На меня лично самое сильное впечатление произвел Егор Бычков — тот, который организовал в Нижнем Тагиле "Город без наркотиков" и лечил наркоманов, пока ему не дали два года условно (судимость недавно сняли). Бычков очень спокойный, похож на Максима из известной трилогии. "Государство сегодня на стороне наркоманов,— говорит он.— Чиновники, милиция, судьи и наркоторговцы могут сегодня пожать друг другу руки. Они делают одно дело". Он прирожденный трибун и общественный лидер — ни грамма позерства, бравады. Отвечает на вопросы так, словно родился в семье английского пэра. При том, конечно, что человек повидал виды. Ему активно оппонировало некое московское лобби: две девочки в панамах и двое расхристанных юношей — они были за сознательный выбор, а стало быть, за легализацию легких наркотиков. "От травки ничего не бывает. За нее человек не пойдет убивать",— девушка явно ощущала поддержку молодого гражданского общества. "Что значит — легкие наркотики? Не бывает никаких легких наркотиков. Мы вот проводим опрос наркоманов,— отвечал Бычков.— 90 процентов героиновых наркоманов начинали с легких наркотиков". — "Но опыт Голландии... Но воздействие... Но ученые доказали..." Бычков с какой-то саркастической улыбкой все это слушал. "А вы знаете, как гашиш попадает в Россию? Его перевозят в ж...пах таджиков. Они глотают и перевозят". Лицо девочки-одувана подернулось легкой досадой.

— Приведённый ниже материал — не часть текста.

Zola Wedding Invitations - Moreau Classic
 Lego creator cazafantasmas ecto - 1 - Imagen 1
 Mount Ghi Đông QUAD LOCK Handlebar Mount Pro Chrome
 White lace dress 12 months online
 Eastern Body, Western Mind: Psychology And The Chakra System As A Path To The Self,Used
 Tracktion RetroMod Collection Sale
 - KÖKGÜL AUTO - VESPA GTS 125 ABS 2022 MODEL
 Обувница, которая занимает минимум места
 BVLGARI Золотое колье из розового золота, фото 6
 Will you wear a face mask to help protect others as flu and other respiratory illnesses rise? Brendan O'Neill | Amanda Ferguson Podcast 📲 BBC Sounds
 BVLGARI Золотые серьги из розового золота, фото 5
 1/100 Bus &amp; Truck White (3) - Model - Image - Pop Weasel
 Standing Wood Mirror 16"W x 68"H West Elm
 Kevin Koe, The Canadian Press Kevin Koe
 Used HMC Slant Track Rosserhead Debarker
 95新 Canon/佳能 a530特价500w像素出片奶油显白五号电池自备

В глазах Бычкова читалось: ни вы, ребята, ни ваши голландские друзья, ни ваши британские ученые не видели нижнетагильских наркоманов — а я видел.
И благодаря ему я тоже как бы слегка увидел. Заглянул в Нижний Тагил, как в бездну. "А мы тут еще на что-то жалуемся",— не хотел, но невольно именно так и подумал.